Why switching to OASIS ?
It's a banality to say that nowadays, databases for digital chips are more than huge. The physical description of an SOC, encoded in the classical GDSII format, now often goes over 20Gbytes. Files of up to 200Gbytes have been reported by mask houses.
Even if storage systems and data transfer links can handle such sizes, it is obvious that such big files are difficult to manipulate.
GDSII was introduced by Calma in 1978 as a successor of GDS format created in 1971. Since almost 30 years, no major change have been made to this de-facto standard while chips complexity was multiplied by as much as 106.
In addition to file size issue, numerical values needed to describe geometries of nanoscale structures on 300mm wafers will soon reach the 32 bits limits of GDSII format.
The OASIS format was developed to address such issues and its first official specification was released in 2004 .
This article describes how size and precision limitation issues are managed in OASIS format. It also singles out some critical points of this format and finally gives some ways to really get full benefits from OASIS and to circumvent potential pitfall and problem using this new standard.
How data size reduction works
The primary goal of the OASIS format is to reduce the data base size. This can be done in multiple ways: optimization of the file structure, suppression of all redundancies and compaction of the values.

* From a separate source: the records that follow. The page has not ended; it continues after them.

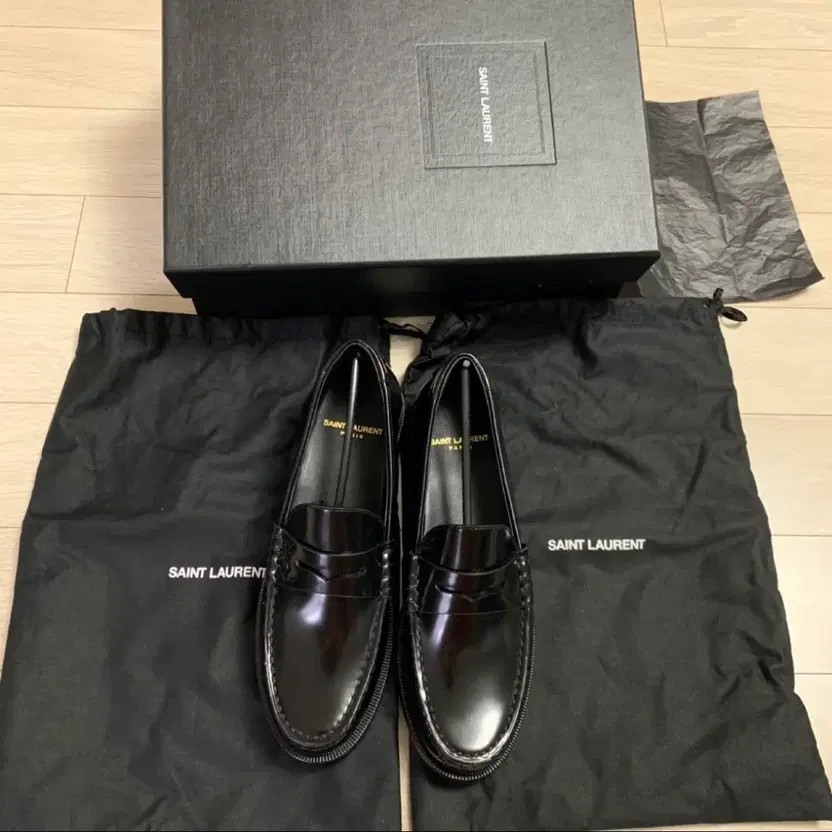 Saint Laurent Loafer Shoes for Women Size 36 thumbnail 3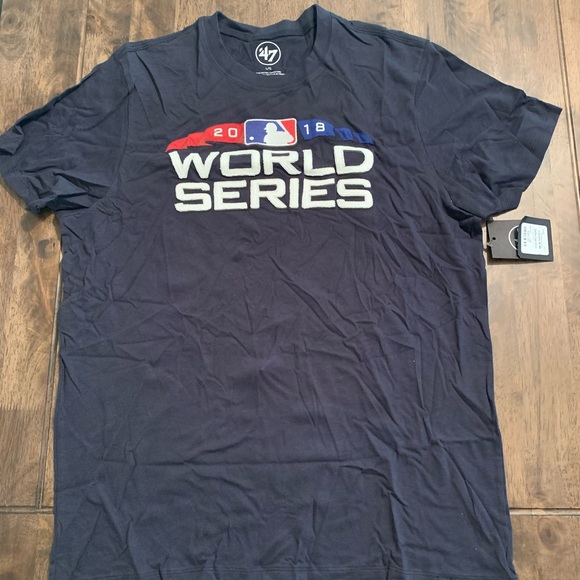 2018 Baseball World Series T-Shirt - Picture 1 of 2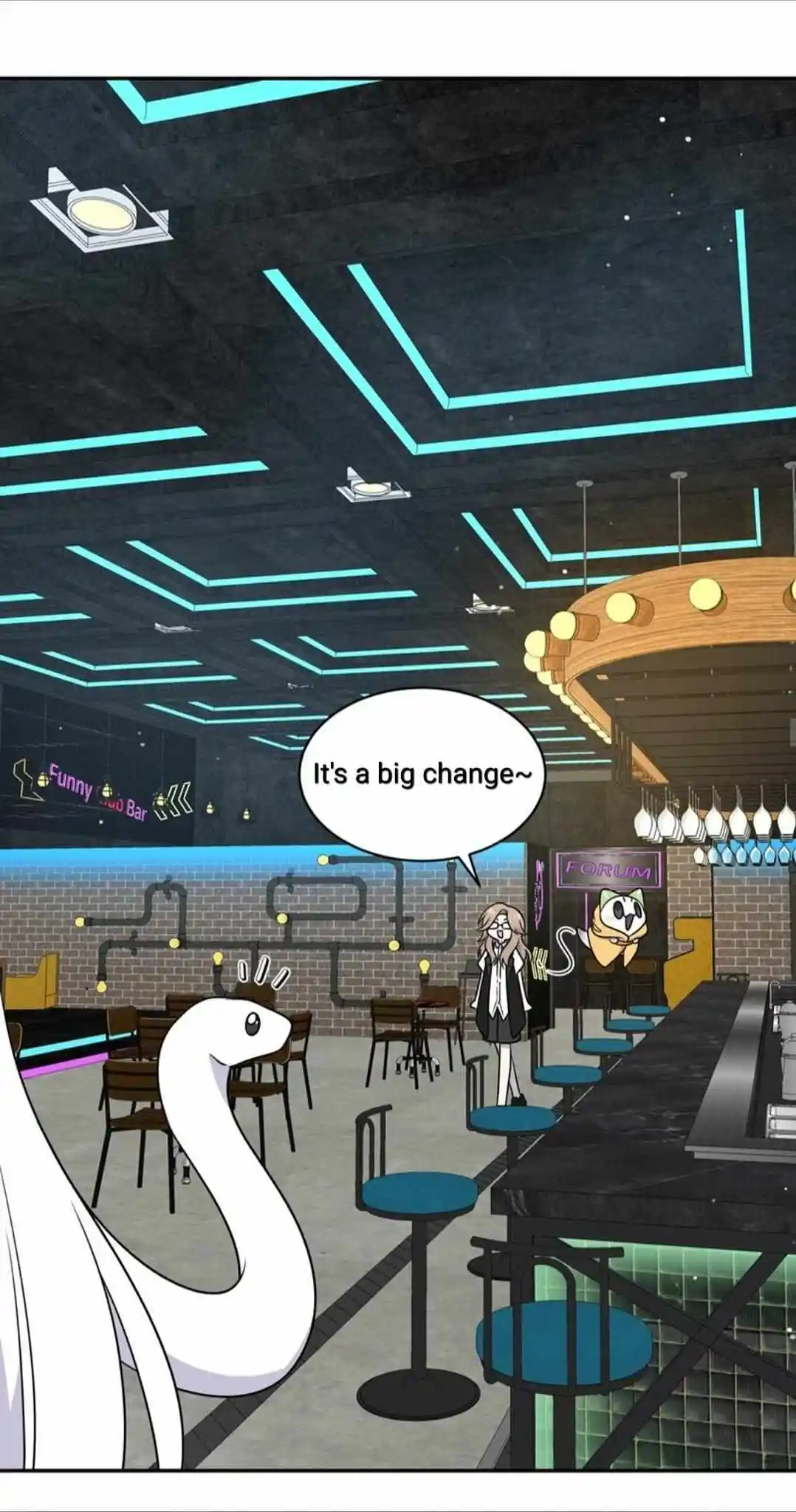 My Food Seems To Be Very Cute Chapter 165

1) Reduction of geometric description size
- Numeric values
As the other goal of OASIS is to remove some precision limitation of numeric values, reducing the size seems incompatible. In fact, OASIS stores all numeric values with variable length encoding. The numeric values are split in bytes of 7 bits. The eighth bit is used to signify that an additional byte is needed. By this method a small value will only use 1 byte, while a big value could use 4 or more bytes. This brings two advantages:
- first, statistically, most of the values are small enough to use less than 4 bytes,
- second, there is no limitation -at least- in the standard. A value may have an infinite precision.
Each polygon is described as a list of coordinates. In GDSII, all coordinates are made of a pair of X and Y absolute values. In OASIS, as small values use less space, each coordinate may be considered as relative to the previous one. As most of the geometries are made of small polygons (compared to chip or wafer size), describing polygons with relative coordinates dramatically reduce data size.
Additionally, most of the polygons have standard shapes: squares, rectangles, trapezoids. In GDSII format, there are no specific description for basic shapes: a polygon description starts at a point, follows each point with its X and Y coordinate and ends with the coordinates of the starting point. A simple square then needs five points, each of them needing two values (X and Y).
In OASIS, a square is identified by one point and its size. We then have only 3 values (on which one is almost always small) compared to 10 needed in GDSII format. This only requires to identify a square from any other shape.
In the same way, rectangles or trapezoids are identified specifically: no less than 25 different types of trapezoids can be described. Each of them will then use the minimum number of values for its full description. At this step, we should point out some particularities of OASIS format which allow to describe a rectangle as a rectangle or as a specific type of trapezoid .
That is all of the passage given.